Despite the trouble she was having with her balls, this is a Sakura cosplayer I can get behind. Makes you truly appreciate just how disturbed Tomoyo really is.
At Sarah's request, we went to a Yu-Gi-Oh panel. It was interesting enough, particularly watching fans celebrate and get behind a series by simply ignoring a show's overarching flaw (namely the life and death situations revolving around a children's card game). It ate up enough time to let us get downstairs to join the de facto line for Closing Ceremonies.

Simply not believing in lines does not mean they don't exist.
Sarah, Harley and I went to a little alcove. Harley and I killed time by assigning No Brand staffers and forum members to a deck of playing cards- figuring out who gets what card and such. Starting with Vinnk, Trae, Peso and Topher (the original Green Boy) as the Aces, we got down to about the 9s before we realized we needed a members list to be more objective. Neil was a 2.

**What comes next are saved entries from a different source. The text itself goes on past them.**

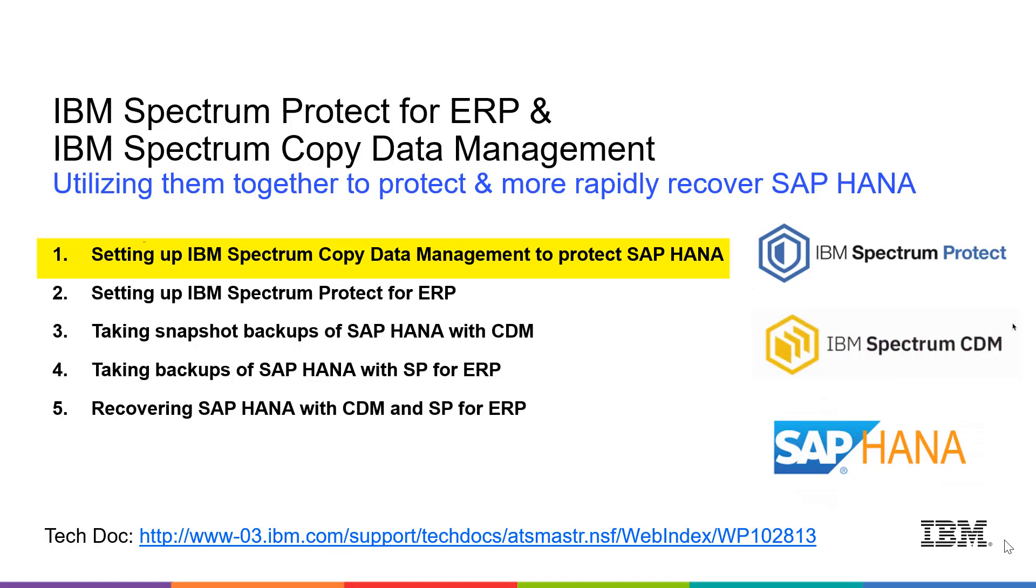Hi, welcome to this video series on using IBM Spectrum Protect for ERP and IBM Spectrum Copy Data Management together to protect and more rapidly restore and recover SAP HANA.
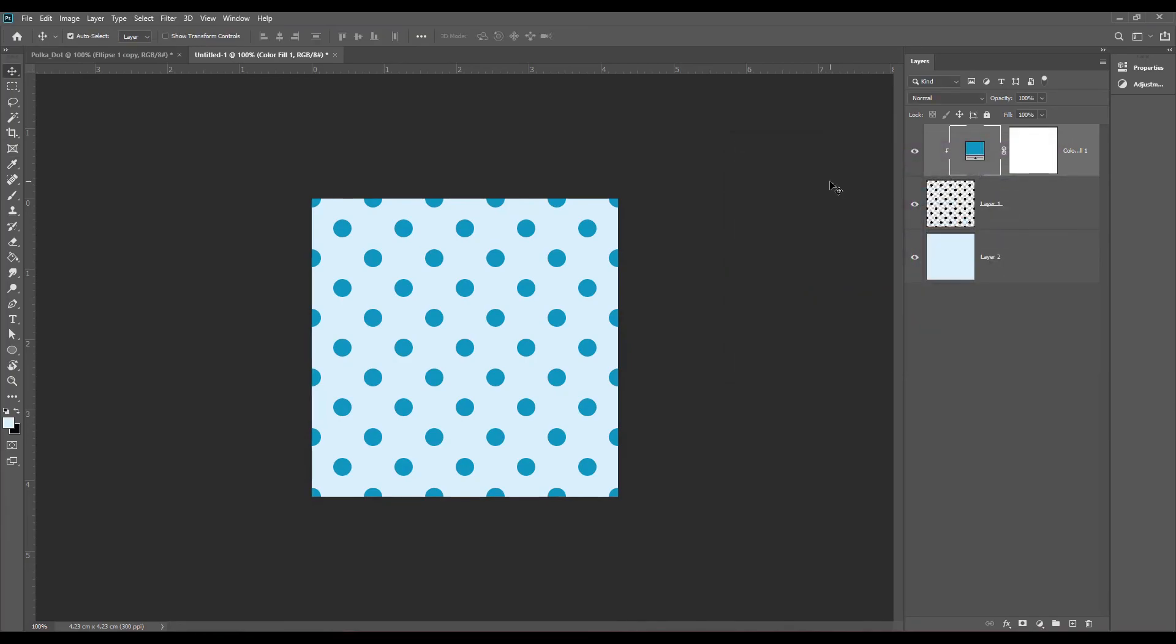Now you can create such patterns in both Illustrator and Photoshop. Now it's up to you to choose the tool. Thank you so much for watching. If you enjoyed this tutorial, please subscribe to my channel to see more Illustrator and Photoshop tutorials. See you, bye!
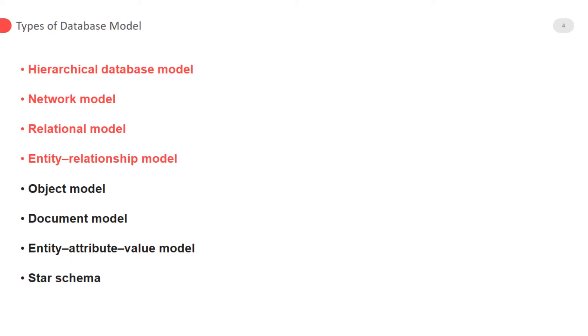So we can say that data model is the logical organization and representation of data in database model. Important point is how to store and organize data in proper way by using any standard model. Database model tells us how entities or subjects are related to each other.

The main reason for attending Closing Ceremonies was to get the results of the AMV contest. For the second straight convention, Sarah lost to a Haruhi drama video, and Best in Show went to a remarkable Beck video to Tenacious D's Tribute. Not only did Mongolian Chop Squad write the best song ever written, Ryuk from Death Note made a cameo appearance as the demon... complete with his own guitar solo. He shreds quite effectively, and it was a clear winner in a very good contest.
The other big announcement was just as significant: Detour was moving to a new hotel in 2010. By all accounts, this location was awful. The chokepoints, the attendance cap, the lack of parking, the elevator issues... it was all less than ideal. For that reason, it was very difficult to develop an informed opinion of the convention. A better location fixes half their problems, but not all of them- the stigma of bad staff/congoer relations remains. While my experiences with security weren't particularly bad, they weren't great either. From those and the reports from my colleagues, their negative reputation is fairly justified- at least to the point where Detour needs to focus in on it.
At the same time, they did many things extremely well, especially compared to other cons. Their registration earns it points over ACen. Their AMV contest puts Iowa and No Brand to shame. Their support for room parties and the wonderful dance made Daisho's major failings look easy. And I can't say enough about their tech staff, which every convention normally has a problem with. So it gets an incomplete. Since scheduling and funding force me to choose between Detour and ACen, and Sarah really wants to try ACen, there's no telling when I'll be back. So as much as I want to say "wonderful, misunderstood con" or "deserves all the trash spoken of it," it's a little of both, which doesn't get us anywhere, now does it?
Still, for spinning wheels for a weekend, there are few options more exciting, aren't there?